Brüssel – Wegen einer "unmittelbaren Bedrohung" hat die belgische Polizei in einem groß angelegten Anti-Terror-Einsatz zahlreiche Wohnungen durchsucht. Bei mehreren Dutzend Einsätzen in 16 Städten wurden nach Angaben der Staatsanwaltschaft zwölf Verdächtige festgenommen. Terrorermittlungen hätten ein "sofortiges Eingreifen" erforderlich gemacht.

Drei der Verdächtigen wurden in Haft genommen. Den belgischen Staatsbürgern werde versuchter "terroristischer" Mord sowie die Beteiligung an einer terroristischen Vereinigung vorgeworfen, teilte die Staatsanwaltschaft am Samstagabend in Brüssel mit. Neun weitere festgenommene Verdächtige wurden nach Verhören wieder freigelassen.

Anschlag bei EM-Spiel

Einem Medienbericht zufolge wollten Attentäter während des EM-Spiels Belgien-Irland am Samstagnachmittag zuschlagen. Die Sicherheitsvorkehrungen für den belgischen Ministerpräsidenten Charles Michel und andere Politiker wurden verschärft.

Die meisten Razzien fanden in der Nacht auf Samstag im Großraum Brüssel statt, unter anderem in den Gemeinden Molenbeek, Schaerbeek und Forest – die Viertel gelten als Hochburgen der belgischen Islamistenszene und stehen seit den Pariser Anschlägen im November und den Brüsseler Anschlägen im März unter verstärkter Beobachtung. In Molenbeek war unter anderem im März Salah Abdeslam gefasst worden. Zu dem Zeitpunkt gehörte der 26-Jährige im Zusammenhang mit den Anschlägen von Paris im November 2015 zu den meistgesuchten Terroristen in Europa. Weitere Razzien gab es unter anderem in Zaventem am Brüsseler Flughafen, in Fleurus unweit des zweitgrößten belgischen Flughafens Charleroi sowie in den im französischsprachigen Teil des Landes gelegenen Städten Tubize und Lüttich.

40 Verdächtige verhört

Die Einsätze verliefen nach Angaben der Staatsanwaltschaft ohne größere Zwischenfälle. Die Polizei verhörte 40 Verdächtige, zwölf von ihnen wurden in Gewahrsam genommen. Zur Identität der Verdächtigen machte die Staatsanwaltschaft keine Angaben. Waffen oder Sprengstoff wurden bei den Razzien nicht gefunden.

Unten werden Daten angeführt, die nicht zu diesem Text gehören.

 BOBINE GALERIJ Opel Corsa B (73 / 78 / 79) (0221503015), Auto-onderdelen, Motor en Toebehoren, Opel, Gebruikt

Nach Angaben des Fernsehsenders VTM erhielten die Behörden einen Hinweis, dass während des EM-Spiels der belgischen Fußball-Nationalmannschaft gegen Irland am Samstagnachmittag (15.00 Uhr MESZ) in Bordeaux Anschläge verübt werden sollten. Die Attentäter wollten demnach möglicherweise Fußballfans auf Fanmeilen in Belgien attackieren. Die Tageszeitung "De Standaard" berichtete, im Fokus der Verdächtigen sei etwa ein Fan-Areal in der Brüsseler Innenstadt gestanden. Eine offizielle Bestätigung dafür gab es zunächst nicht.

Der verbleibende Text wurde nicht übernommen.